• The records
★ ★ ★
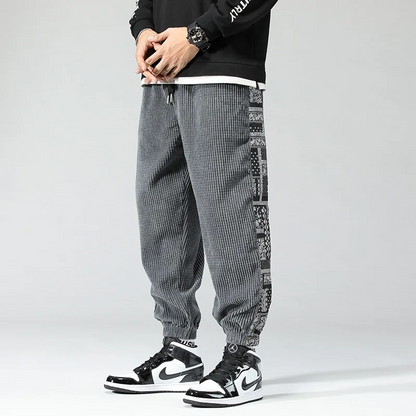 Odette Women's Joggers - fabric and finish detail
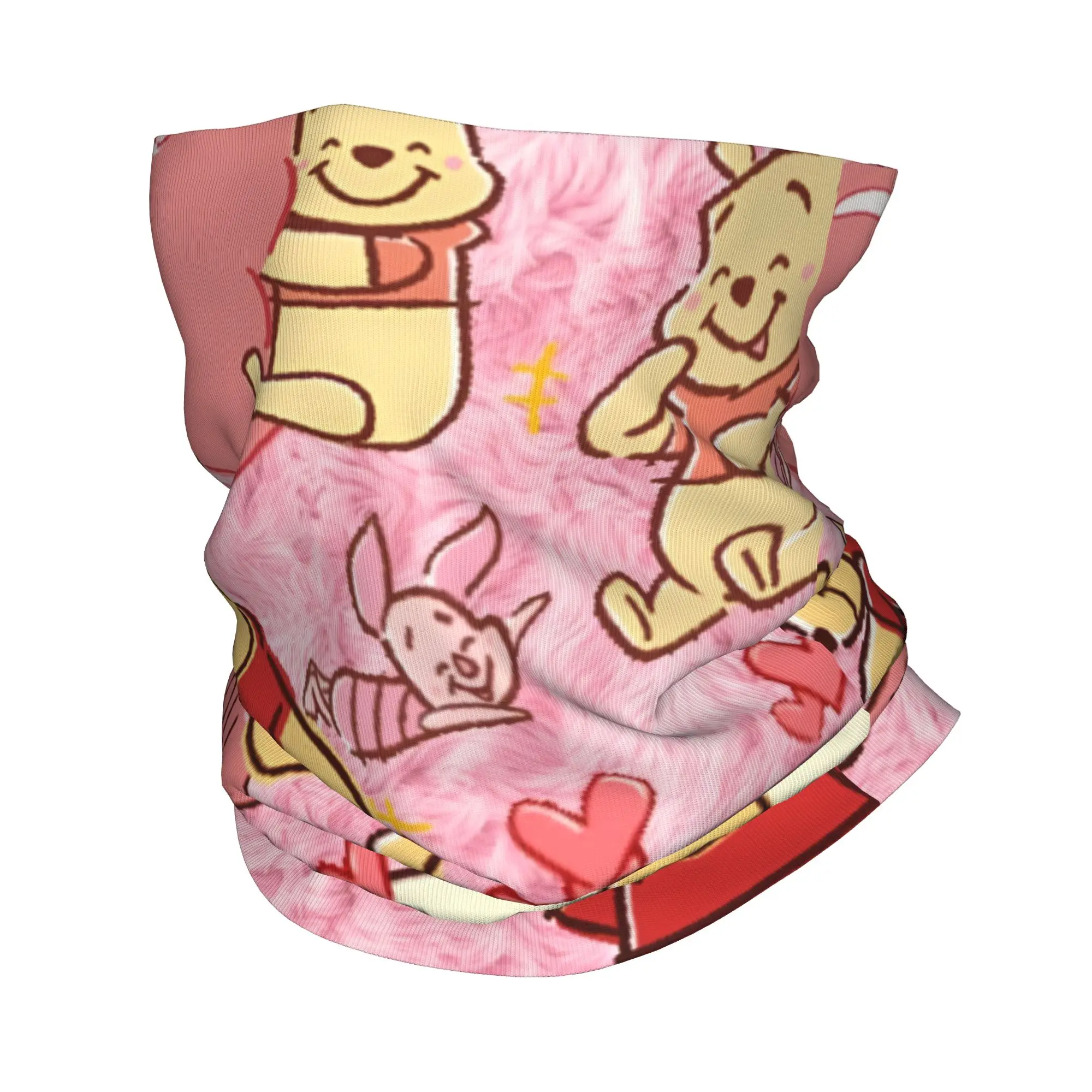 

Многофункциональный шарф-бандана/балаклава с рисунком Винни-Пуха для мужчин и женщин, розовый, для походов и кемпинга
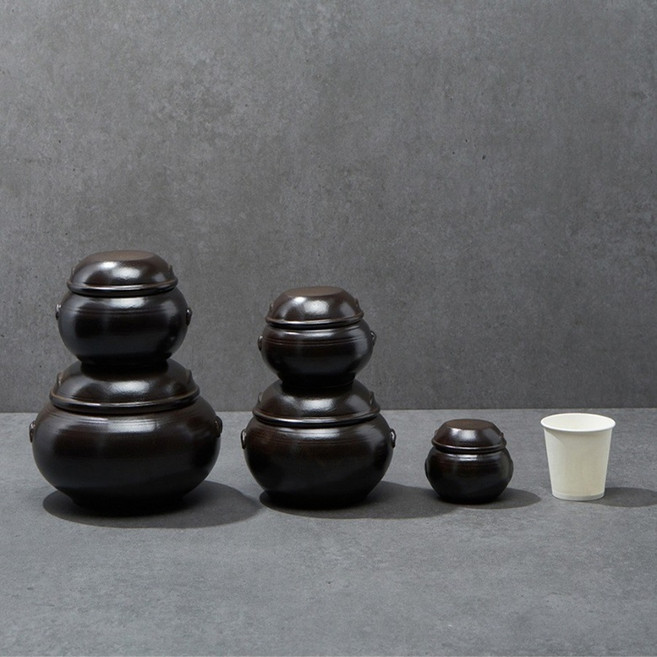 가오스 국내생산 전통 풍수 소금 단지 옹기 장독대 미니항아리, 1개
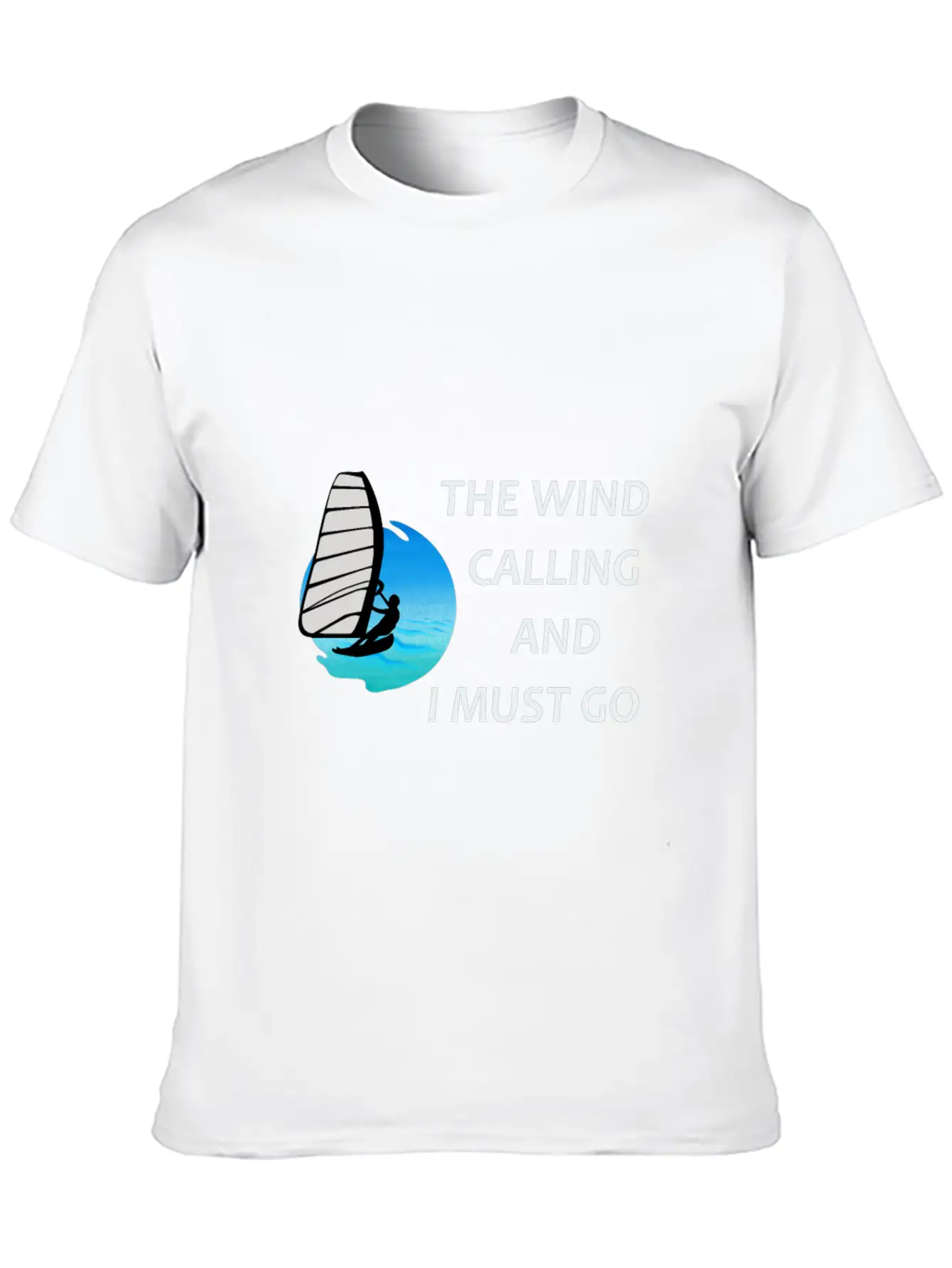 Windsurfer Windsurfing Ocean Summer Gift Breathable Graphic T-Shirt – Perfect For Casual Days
★ ★ ★
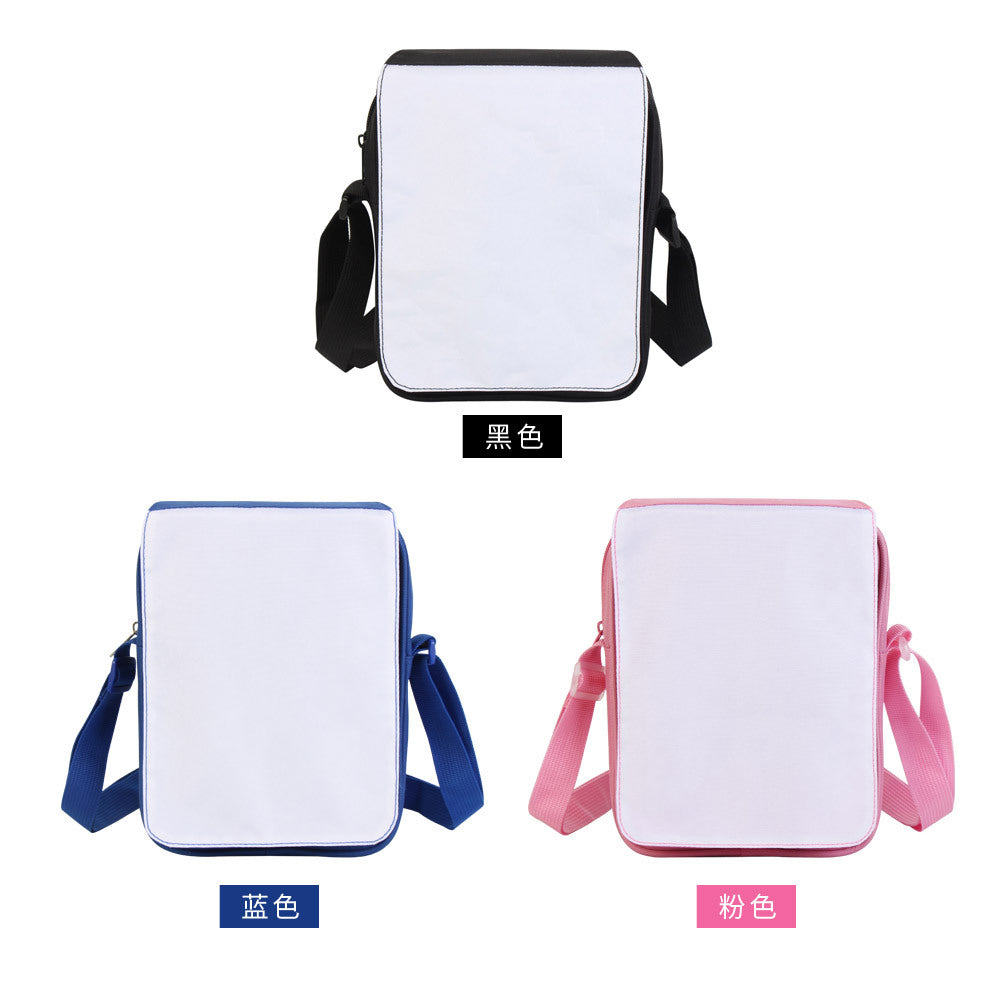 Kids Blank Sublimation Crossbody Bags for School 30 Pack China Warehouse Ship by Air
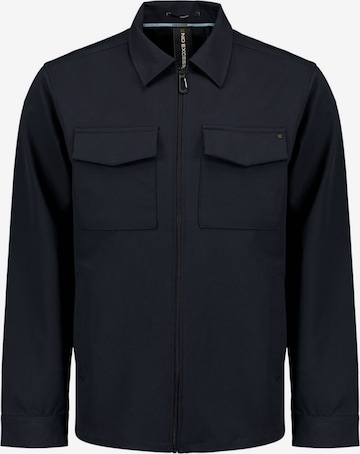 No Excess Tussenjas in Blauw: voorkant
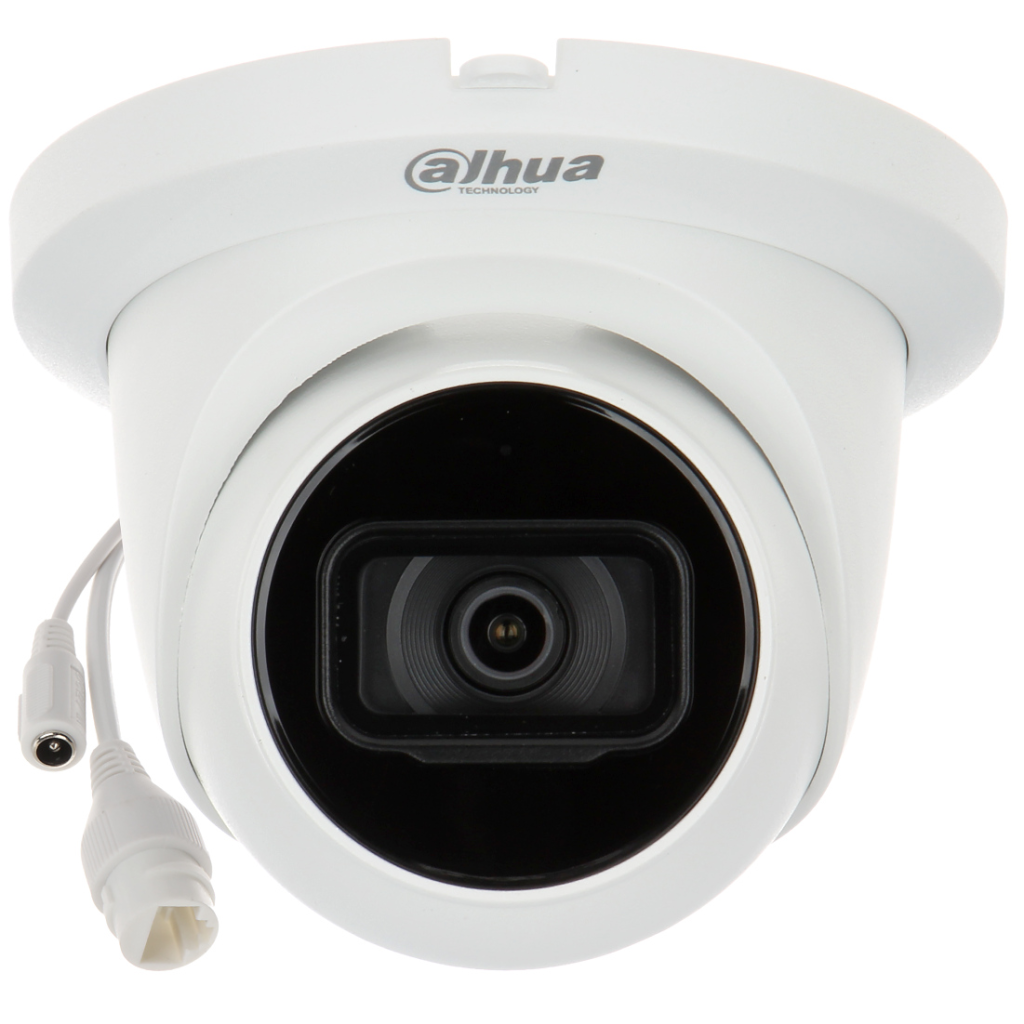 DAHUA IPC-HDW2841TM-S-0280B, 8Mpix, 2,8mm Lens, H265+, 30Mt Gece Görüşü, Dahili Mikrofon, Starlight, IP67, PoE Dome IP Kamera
★ ★ ★
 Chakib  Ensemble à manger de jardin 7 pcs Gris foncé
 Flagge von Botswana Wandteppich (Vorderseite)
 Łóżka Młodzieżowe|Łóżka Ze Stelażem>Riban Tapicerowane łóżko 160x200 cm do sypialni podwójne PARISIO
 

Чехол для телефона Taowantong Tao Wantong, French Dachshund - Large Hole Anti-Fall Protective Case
★ ★ ★
• Work to be completed
Leave out every picture, and copy exactly the lines above starting at the one holding "Odette Women's Joggers" and ending at the one holding "Windsurfer Windsurfing Ocean", no more and no less.

• Exercise result
 Odette Women's Joggers - fabric and finish detail

Многофункциональный шарф-бандана/балаклава с рисунком Винни-Пуха для мужчин и женщин, розовый, для походов и кемпинга
 가오스 국내생산 전통 풍수 소금 단지 옹기 장독대 미니항아리, 1개
 Windsurfer Windsurfing Ocean Summer Gift Breathable Graphic T-Shirt – Perfect For Casual Days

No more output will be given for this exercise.